### Goal of the exercise
Repeat the entries that follow from start to finish, keeping every character.

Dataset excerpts

════

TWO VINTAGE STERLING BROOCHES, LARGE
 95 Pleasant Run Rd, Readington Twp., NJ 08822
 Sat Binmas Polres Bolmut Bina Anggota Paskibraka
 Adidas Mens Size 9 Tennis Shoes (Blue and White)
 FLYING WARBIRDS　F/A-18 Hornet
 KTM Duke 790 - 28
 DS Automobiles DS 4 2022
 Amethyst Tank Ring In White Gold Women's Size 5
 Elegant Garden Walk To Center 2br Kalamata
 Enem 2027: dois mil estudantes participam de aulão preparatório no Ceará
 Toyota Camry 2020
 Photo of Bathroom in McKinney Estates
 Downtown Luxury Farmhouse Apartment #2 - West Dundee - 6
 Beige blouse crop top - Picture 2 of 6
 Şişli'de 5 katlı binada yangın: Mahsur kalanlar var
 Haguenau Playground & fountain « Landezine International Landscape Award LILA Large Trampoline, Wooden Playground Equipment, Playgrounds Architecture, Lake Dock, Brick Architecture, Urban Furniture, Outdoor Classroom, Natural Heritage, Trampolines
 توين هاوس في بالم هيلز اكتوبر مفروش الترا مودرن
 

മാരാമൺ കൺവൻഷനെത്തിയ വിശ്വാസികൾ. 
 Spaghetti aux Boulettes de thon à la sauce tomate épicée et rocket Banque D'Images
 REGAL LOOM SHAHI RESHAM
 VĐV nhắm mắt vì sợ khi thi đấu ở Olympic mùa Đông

════

### Output of the task
TWO VINTAGE STERLING BROOCHES, LARGE
 95 Pleasant Run Rd, Readington Twp., NJ 08822
 Sat Binmas Polres Bolmut Bina Anggota Paskibraka
 Adidas Mens Size 9 Tennis Shoes (Blue and White)
 FLYING WARBIRDS　F/A-18 Hornet
 KTM Duke 790 - 28
 DS Automobiles DS 4 2022
 Amethyst Tank Ring In White Gold Women's Size 5
 Elegant Garden Walk To Center 2br Kalamata
 Enem 2027: dois mil estudantes participam de aulão preparatório no Ceará
 Toyota Camry 2020
 Photo of Bathroom in McKinney Estates
 Downtown Luxury Farmhouse Apartment #2 - West Dundee - 6
 Beige blouse crop top - Picture 2 of 6
 Şişli'de 5 katlı binada yangın: Mahsur kalanlar var
 Haguenau Playground & fountain « Landezine International Landscape Award LILA Large Trampoline, Wooden Playground Equipment, Playgrounds Architecture, Lake Dock, Brick Architecture, Urban Furniture, Outdoor Classroom, Natural Heritage, Trampolines
 توين هاوس في بالم هيلز اكتوبر مفروش الترا مودرن
 

മാരാമൺ കൺവൻഷനെത്തിയ വിശ്വാസികൾ. 
 Spaghetti aux Boulettes de thon à la sauce tomate épicée et rocket Banque D'Images
 REGAL LOOM SHAHI RESHAM
 VĐV nhắm mắt vì sợ khi thi đấu ở Olympic mùa Đông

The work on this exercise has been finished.